THIS was one Test I couldn't follow, live, having had to depend on Ashish Shukla, and assorted friends, in Zimbabwe to update me about the run of play.

Which is why I was more than ordinarily eager to see, in this morning's papers, what the Indian skipper and coach had to say, by way of explanation for the defeat in the one-off Test.

After reading their comments, the one emotion I am left with is a sense of futility. A feeling, unalloyedly pessimistic in nature, that nothing positive can be expected from the Indian side.

Sure, we will have the odd good performance, the odd good spell when wins outnumber losses. But these, I suspect, will be few and far between -- the general trend will be for a talented team to keep playing below par, to produce results that will continue driving the average fan, back home, into depths of despair.

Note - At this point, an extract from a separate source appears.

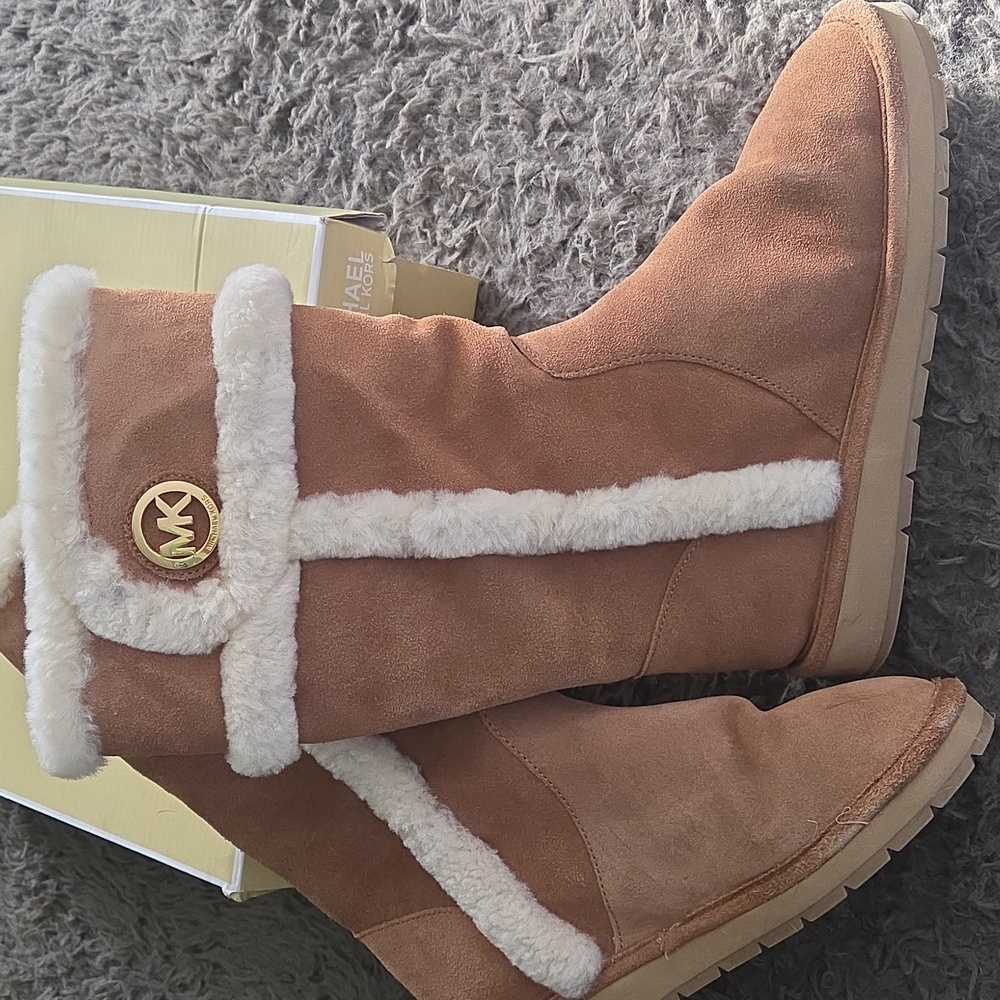 NIB Michael Kors Sz 8 Tan Suede Boots - Picture 2 of 14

If that sounds unduly pessimistic, it is not without reason. Look, for instance, at what skipper Mohammad Azharuddin has to say about the result:

1) "We did not get a good start and that was critical. A good start, most of the time, makes the difference."

2) "We kept losing wickets regularly and our batsmen did not play responsibly. Our bowlers did the job, but unfortunately our batsmen were not up to it. We were inconsistent in every department of the game."

3) (On the fact that he perished in the slips, slashing, twice in the Test) "You play shots to score runs and that is what I tried to do."

Meanwhile, what of coach Gaekwad? Sample sound bites:

1) "I don't mind losing, but it is the manner that hurts."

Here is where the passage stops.